Ski season has touched down in Colorado, winter is underway, and tourists from around the world are packing up and heading to resort towns in the Rockies. During this time of year there are thousands of planes, trains, and automobiles filled with skiers and snowboarders anxiously awaiting the moment they get to hit the slopes.

There is perhaps no one else who understands the volume of airline traffic coming and going through Colorado better than Laura Jackson. Jackson serves as the Vice President of Air Service Development for Denver International Airport (DIA) where she works to retain airlines and recruit new ones to maintain and improve the airport’s flight offerings.

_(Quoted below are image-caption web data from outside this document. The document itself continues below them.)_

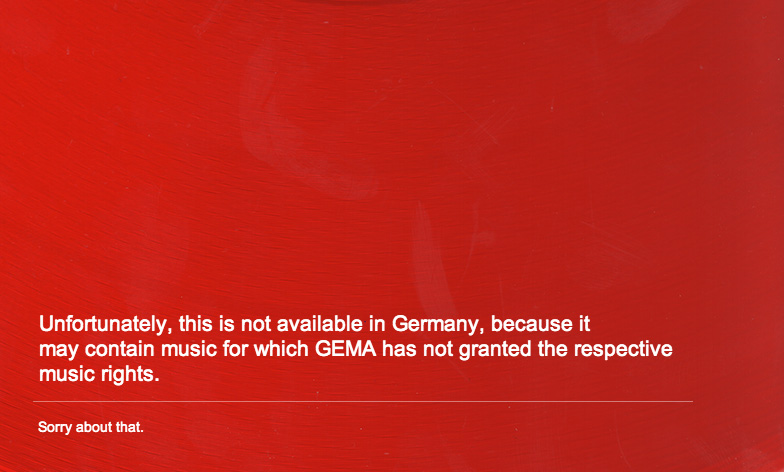 YouTube unblocks thousands of music videos in Germany after GEMA ends seven-year standoff
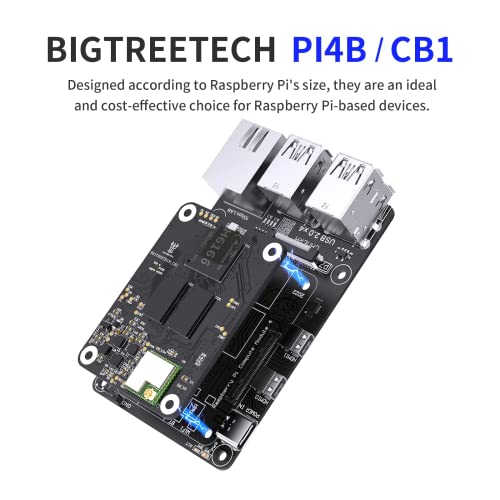 BIGTREETECH CB1 V2.2 + Pi4B Adapter Panel Board Kit for 3D Printer CB1 + Pi4B Adapter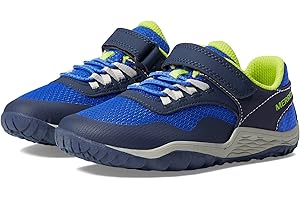Merrell Trail Glove 7 A/C-Blue/Lime, Zapatillas Niños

This particular airport, which sees about 1,640 flights per day, acts as a gateway to the mountains for many travelers as they head into ski resort towns.

“There has actually been an increase in the number of nonstop flights into resort towns. This shows us the strength of the economy in those areas and the demand from skiers for non-stop flights,” explained Jackson. “We are happy to see growth in the ski resort communities.”

During the ski season, there is also a rise in international travelers making the journey to colorful Colorado in search of fresh powder and gorgeously groomed ski slopes. This goes to show that Colorado is home to some of the best skiing in the world. In fact, Vail Mountain Resort, Colorado’s largest resort, is regularly named as one of the top places to ski on Earth. With this kind of terrain, it’s no wonder people cross continents and oceans to get the chance to ski and snowboard here.

“Although winter is actually a slower time for travel, we do see an increase in international flights coming into Denver,” noted Jackson. “A significant percentage of the international flights coming in during this time of year are arriving from Mexico, Argentina, New Zealand, and Australia.”

As Colorado increases in popularity among travelers, so does the traffic at DIA. In order to compensate for the extra travelers, the airport utilizes roughly 170 additional staff members in the terminals during the holiday season, which partially coincides with ski season. The airport is also working on new capital enhancement projects that will help DIA handle the growing number of annual travelers. When the airport was built in 1995, it was only meant to accommodate 50 million people. The average number of people who use the airport has now grown to about 64.5 million and is expected to grow to 69 million next year. One of the projects that will improve DIA is the addition of 39 new gates. The construction of the new gates will allow for more flights to come in and out of the airport, increasing convenience for travelers.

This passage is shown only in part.